Но женщины, даже самые любимые не заставили нас свернуть с нашего пути. Мы не пошли по их покрытой цветами дороге, но взяли их с собой. Нет, не мы взяли их, а они сами, благородные наши подруги, пришли по собственной воле, чтобы совершить вместе с нами восхождение.

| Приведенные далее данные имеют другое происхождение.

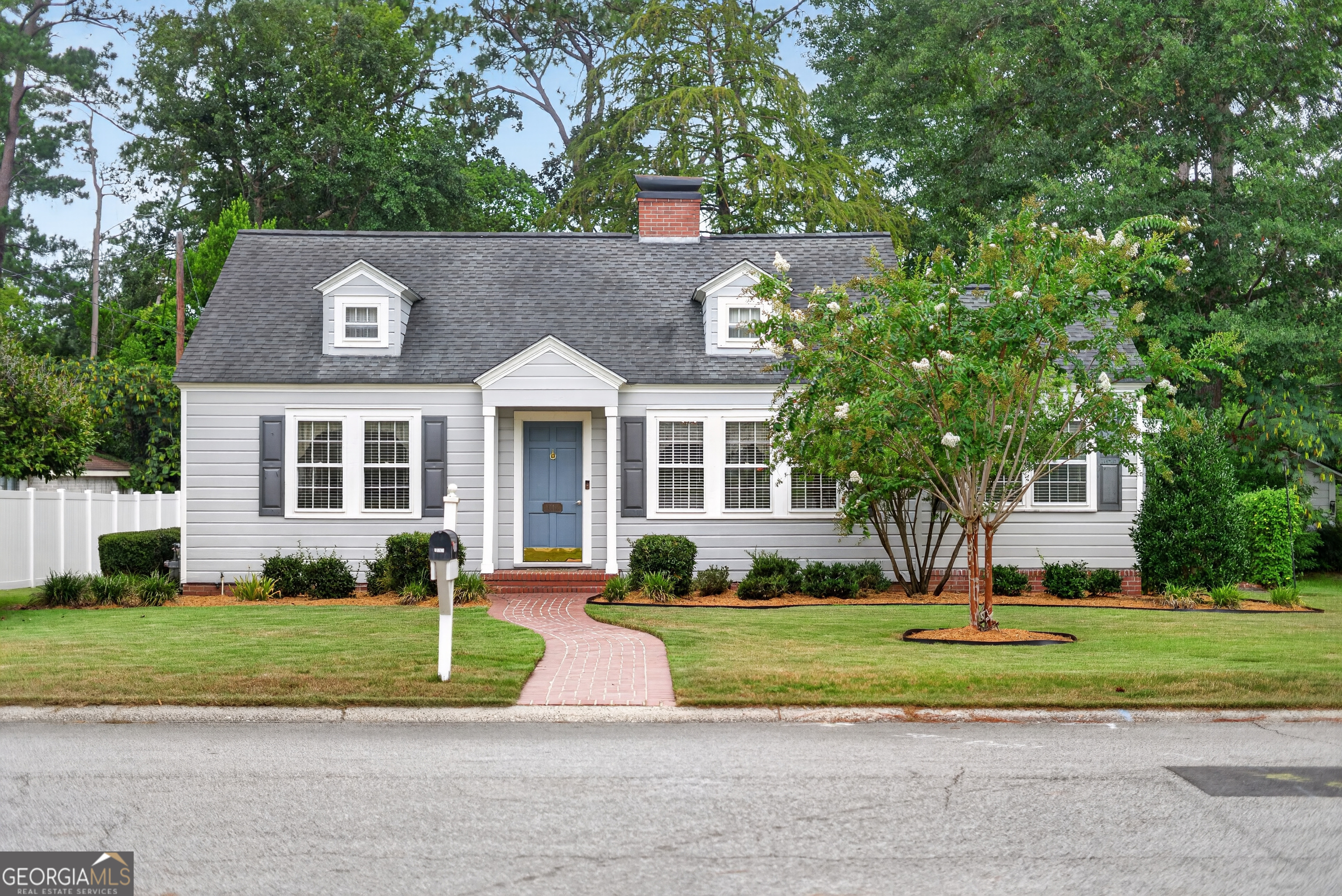 1007 Hill Street Property Photo 1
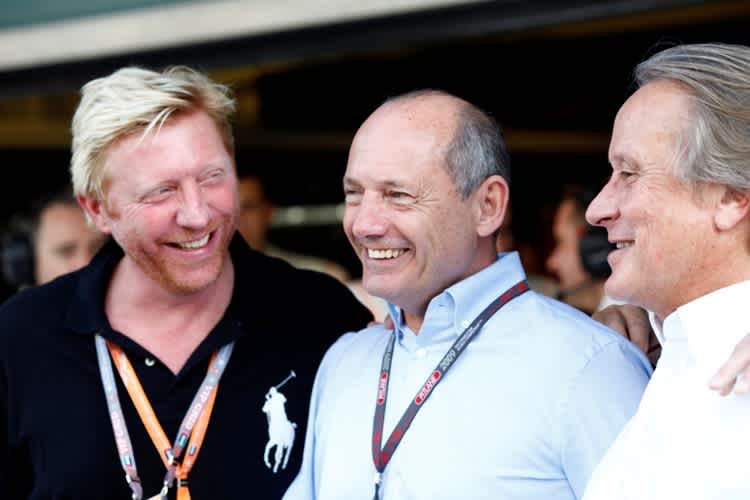 In Abu Dhabi: v. l. Boris Becker, Ron Dennis, Mansour Ojjeh 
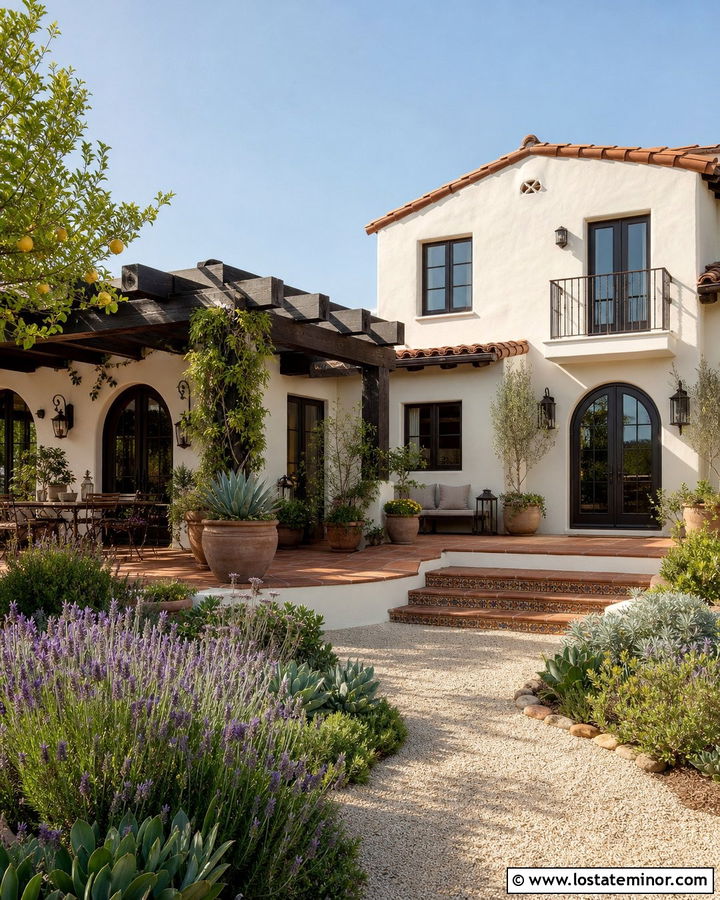 White Spanish House With Courtyard Pergola - 30 White House Design With Pergola Ideas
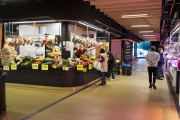 Interior del mercado del G-9 en Gamonal. TOMÁS ALONSO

Всю нашу жизнь гонялись мы только за одним образом – жестоким, кровожадным, непреклонным, – за сущностью. Сколько горечи пришлось испить нам и от людей и от богов, сколько слез, крови и пота пришлось пролить! Некий демон – демон или ангел? – не давал нам покоя в течение всей нашей жизни, но, наклонившись, льнул к нам сверху и шипел в ухо: «Тщетно! Тщетно! Тщетно!» Он думал лишить нас мужества, но мы вскидывали голову и, стиснув зубы, гнали его прочь. «Это нам и нужно! – отвечали мы. – Не ради платы трудимся мы, не нужно нам вознаграждение, – лишенные надежды, лишенные Рая, в совершенной пустыни ведем мы сражение!»
Много разных имен принимала эта сущность и, пока мы гнались за ней, меняла маски. Мы называли ее то высшей надеждой, то крайним отчаянием, то вершиной души человеческой, то миражем в пустыне, то голубой птицей, то свободой. Наконец, иногда она представлялась нам совершенным кругом, центр которого – сердце человеческое, а контуры – бессмертие, и тогда мы самовольно давали этому кругу тяжкое, отягощенное всеми надеждами и слезами Земли имя – Бог.

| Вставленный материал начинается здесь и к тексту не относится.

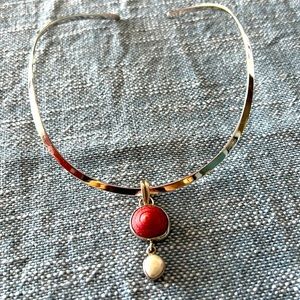 SILVER NECK COLLAR WITH ROSE COLORED SHELL &  SMALL PEARL PENDANT SET IN SILVER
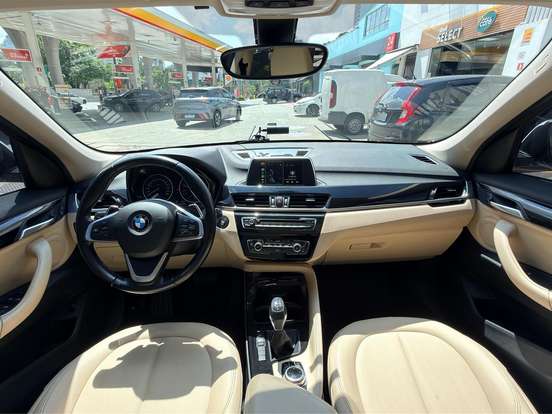 BMW-X1-2.0 16V TURBO ACTIVEFLEX SDRIVE20I 4P AUTOMÁTICO BMW-X1-2017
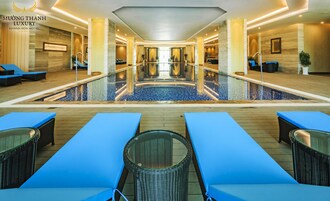 Piscine intérieure, accès possible de 6 h à 20 h, chaises longues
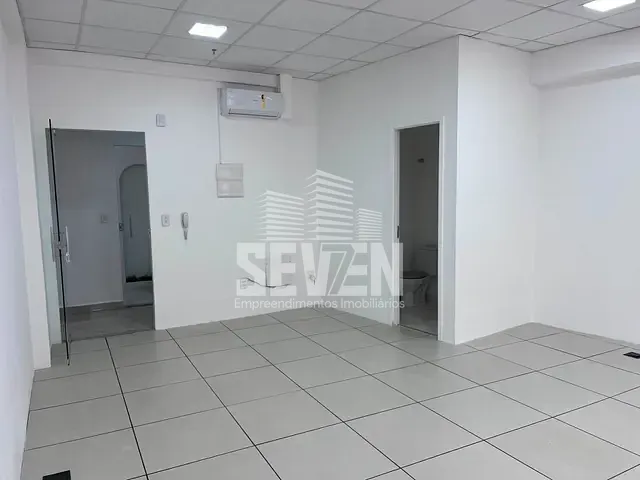 Sala com 32m², à venda ou para alugar, no bairro Centro em Bauru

Внутри каждого цельного человека, в самой глубине его души находится некий таинственный центр, вокруг которого вращается все прочее. Это таинственное вращение сообщает единство нашим помыслам и действиям и помогает нам найти или же измыслить мировую гармонию. У одних это любовь, у других – жажда знания, еще у иных – доброта, красота, а то и стремление к золоту и власти, – все прочее получает оценку в зависимости от центральной страсти и подчиняется ей. Горе человеку, который не чувствует внутри себя некоего единственного абсолютного монарха, ибо жизнь такого человека, неуправляемая и бессвязная, рассеивается под дуновением любого ветра.
Для нас, праотец, таким центром, увлекающим в своем вращении весь зримый мир, стремясь вознести его на высший уровень мужества и ответственности, для нас таким центром стала борьба с Богом. С каким Богом? С дикой вершиной души человеческой, на которую мы непрестанно восходим и которая непрестанно содрогается и поднимается все выше. «Разве кто-нибудь борется с Богом?» – ехидно спросили меня однажды. «А с кем же еще можно бороться?» – ответил я. Действительно, – с кем же еще?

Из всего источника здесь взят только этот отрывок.